When Sylvinho joined Manchester City, where he would meet Mancini, it was the start of the club they are now but he says he could see something building: “A project, a plan, exactly the way they ‘sold’ it to me.” At the end of the season, he no longer had a playing place but Mancini offered him the chance to be third coach. “I said: ‘Thanks but I’ve been away from São Paulo 12 years, my parents are there.’ I was tired.”
Three years later they came together at Internazionale before Sylvinho joined Tite with Brazil. His first job as a head coach, at Lyon in May 2019, lasted five months but there is, he says, “no time for laments”, no time for the woe is me face he pulls in jest.

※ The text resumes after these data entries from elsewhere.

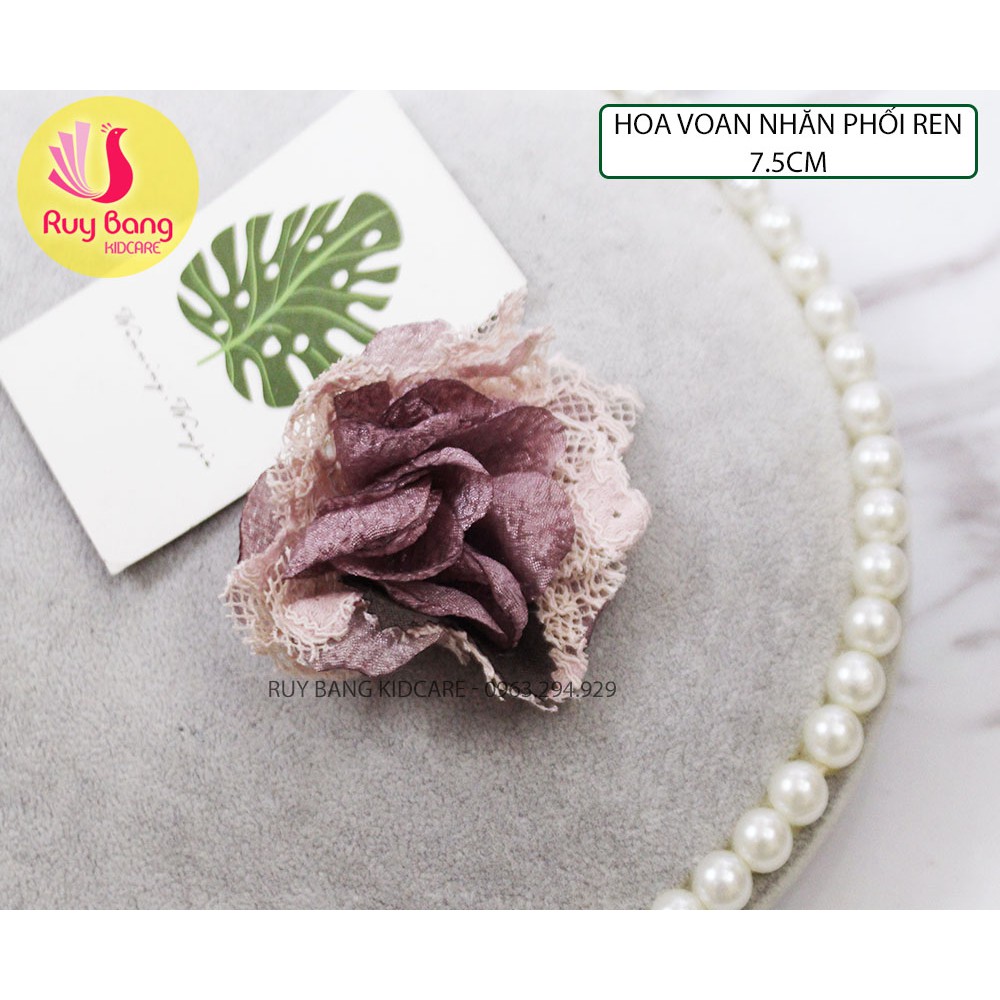 Hoa xốp phối ren ❤️FREESHIP❤️Hoa vải voan HQ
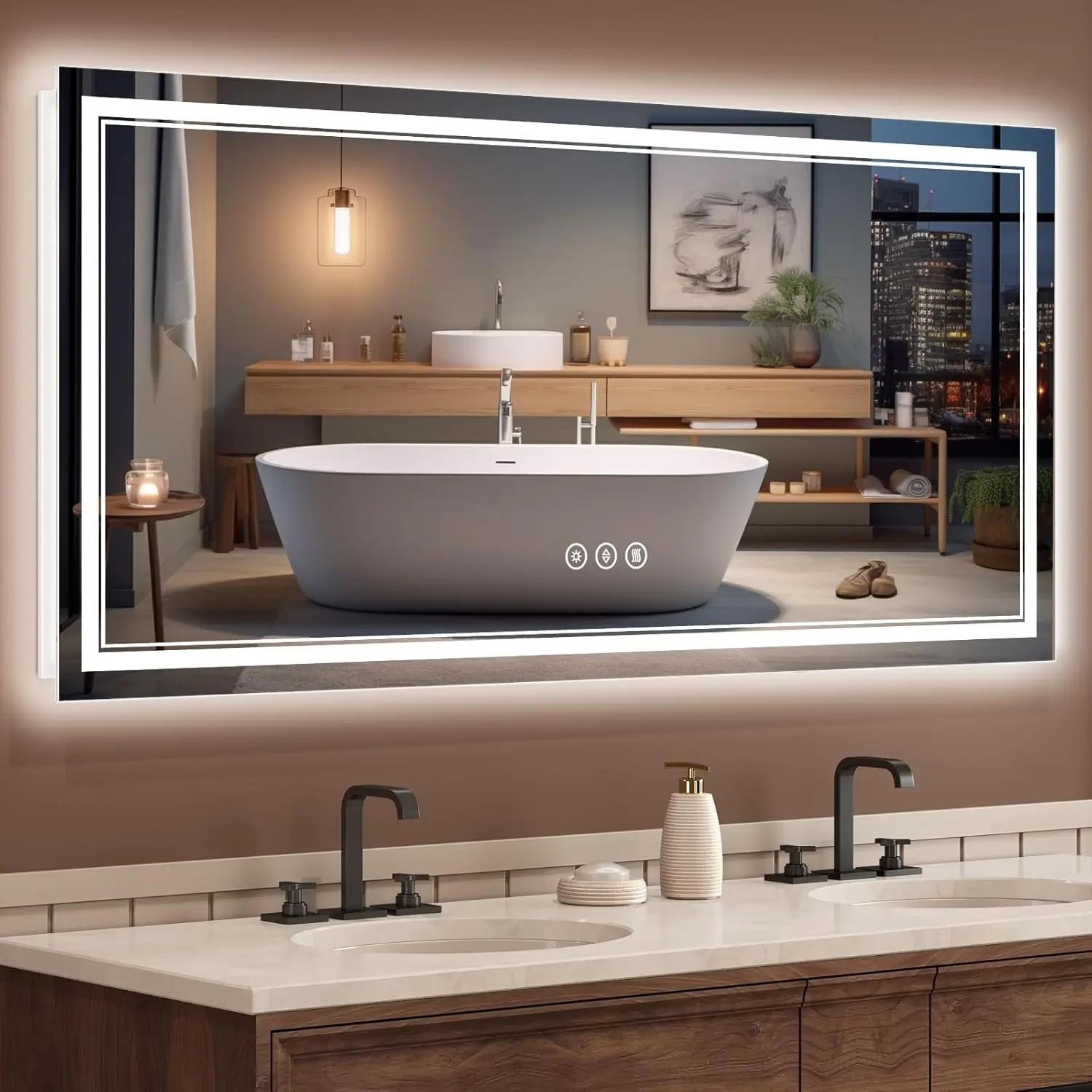 New LED Bathroom Mirror 72x36 Inch with Front and Backlit CRI 90+ 3 Colors & Stepless Dimmable Lighted Bathroom Mirror
New LED Bathroom Mirror 72x36 Inch with Front and Backlit CRI 90+ 3 Colors & Stepless Dimmable Lighted Bathroom Mirror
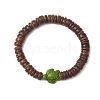 Natural Coconut Stretch Bracelets BJEW-JB11095-02-1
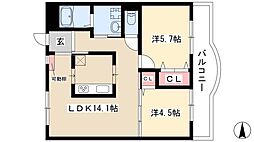 鳥山ハイツ 2LDKの間取図画像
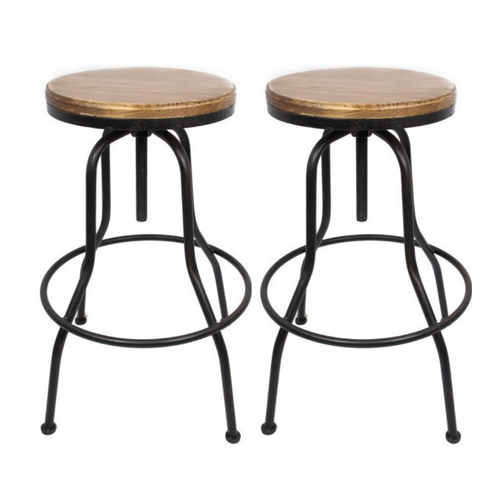 2x 85cm Bar Stools Set Wood Top Classic Antique Style Adjustable Height Cast Iron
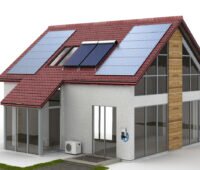 Grafik zeigt Haus mit Photovoltaik-Anlage, Wärmepumpe, Wallbox und Solarthermie-Kollektor.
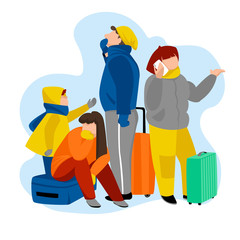 people with Luggage at the airport. vector illustration. family waiting for a tourist trip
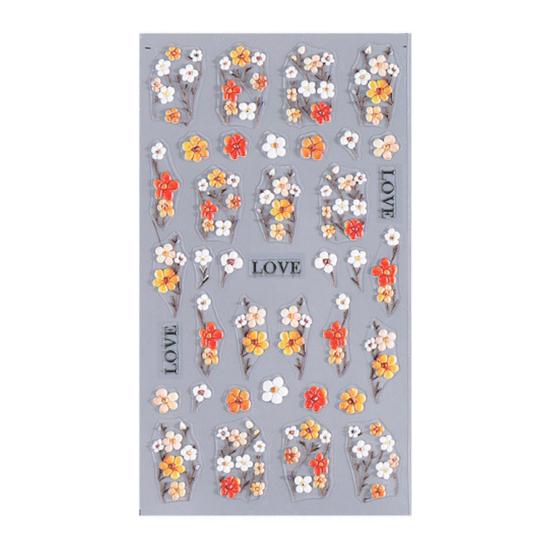 5D Embossed Flower Nail Stickers DIY Spring Summer Colorful Floral Nail Art Self-Adhesive Decals for Women Manicure Decoration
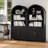 65" Tall Arched Storage Bookcase with Adjustable Shelves,Arched Cabinet with Drawer-554183897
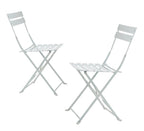 Set of Two White Aluminum Outdoor Folding Dining Chairs  Warm Home View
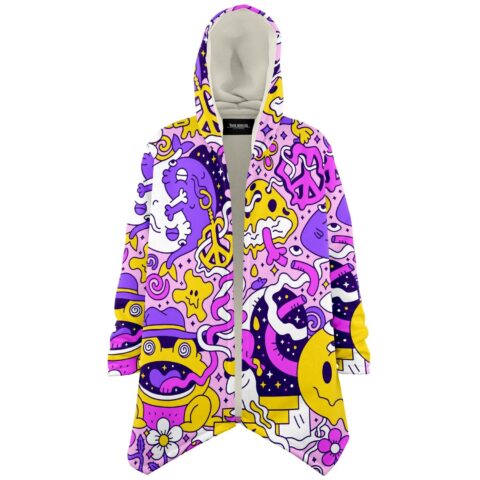 Pastel pink dense cartoon rave cloak with melting smiley and peace sign print, front view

Another lesson, he calls it. When he departed, a message arrived from Wenger applauding him for leaving as a “gentleman” – a reflection, he says, of the man he knew at Highbury. “If I could have 5% of the humanity Wenger has, I’ll be happy.”
What about his job? Sylvinho laughs. “Arsenal are in good hands,” he says; he spoke to Mikel Arteta last week. Besides, although he admits the Premier League is attractive, the field is wide – Spain, Italy, France, Portugal – and you can never wait for a club. Nor, he knows, are there any guarantees.
There is, though, a long experience to draw on, influences from places and people, a mix of cultures: Spanish rondos, Italian tactics, English intensity. Sylvinho talks about bringing those together, finding a philosophy. About how fast the game moves and generations shift, about technology and methodology. And about how, if experience teaches you anything, it’s how often reality gets in the way.
“It’s easy to write it down and say: ‘Do it.’ No. There has to be work, passion, you have to be in love with it. I always return to the same thing: soul.
“Guardiola used to always say: ‘Lads, we’re going to do everything, everything, everything, everything. But I don’t know if we’ll win, I can’t guarantee that.’ Tite’s the same: he studies all … day … long. Locked away, studying. Mancini too, moving with the game. I see Diego Simeone, a great coach, lose two European Cup finals. Sometimes, the difference between winning or not is tiny. We won a treble getting there via Stamford Bridge with the last kick. Pffff. How do you explain that?”